Records for processing
-----

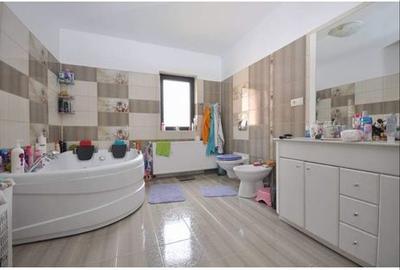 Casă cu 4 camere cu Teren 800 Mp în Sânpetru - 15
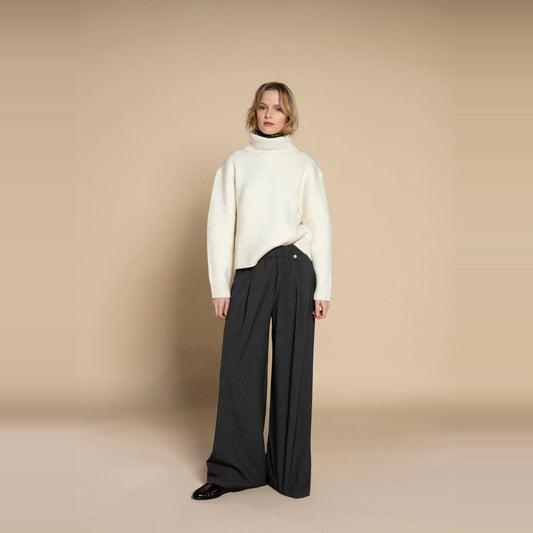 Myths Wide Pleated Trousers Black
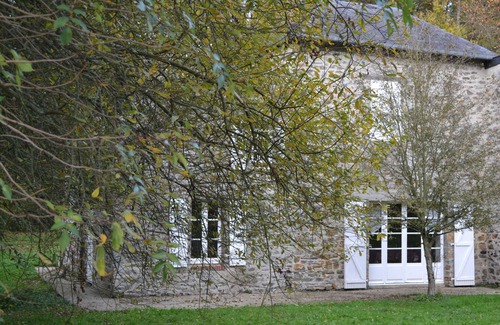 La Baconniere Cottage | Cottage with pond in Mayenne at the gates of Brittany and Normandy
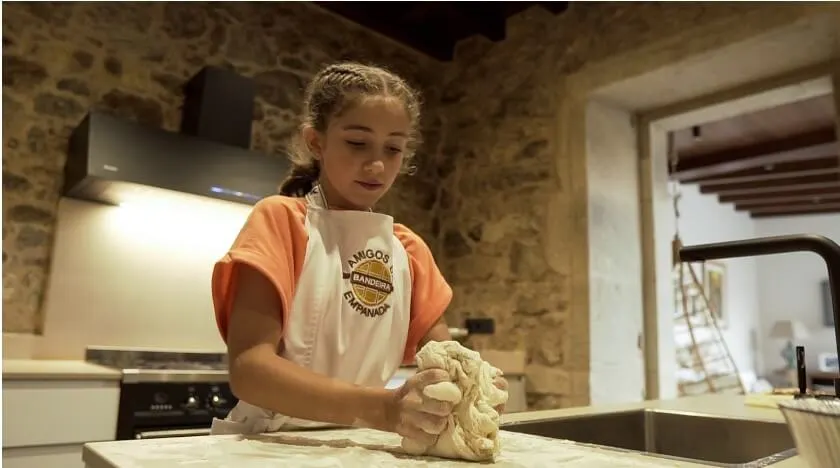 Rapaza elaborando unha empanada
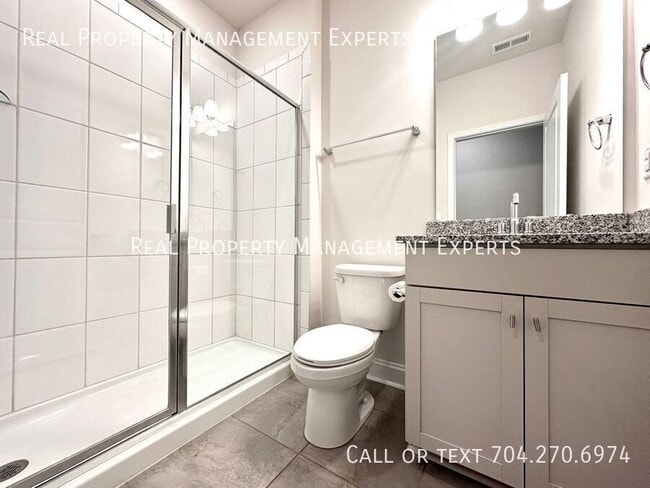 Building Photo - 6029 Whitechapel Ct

-----

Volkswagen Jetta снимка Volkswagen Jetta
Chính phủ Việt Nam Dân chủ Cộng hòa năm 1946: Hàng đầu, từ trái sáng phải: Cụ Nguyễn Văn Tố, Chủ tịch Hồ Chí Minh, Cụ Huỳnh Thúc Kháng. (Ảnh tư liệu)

-----

Problem details
Could you output exactly the lines above, from the line with "Casă cu 4 camere" up to and including the line with "Building Photo - 6029 Whitechapel Ct", and nothing else, skipping the pictures?

Solution to this problem
 Casă cu 4 camere cu Teren 800 Mp în Sânpetru - 15
 Myths Wide Pleated Trousers Black
 La Baconniere Cottage | Cottage with pond in Mayenne at the gates of Brittany and Normandy
 Rapaza elaborando unha empanada
 Building Photo - 6029 Whitechapel Ct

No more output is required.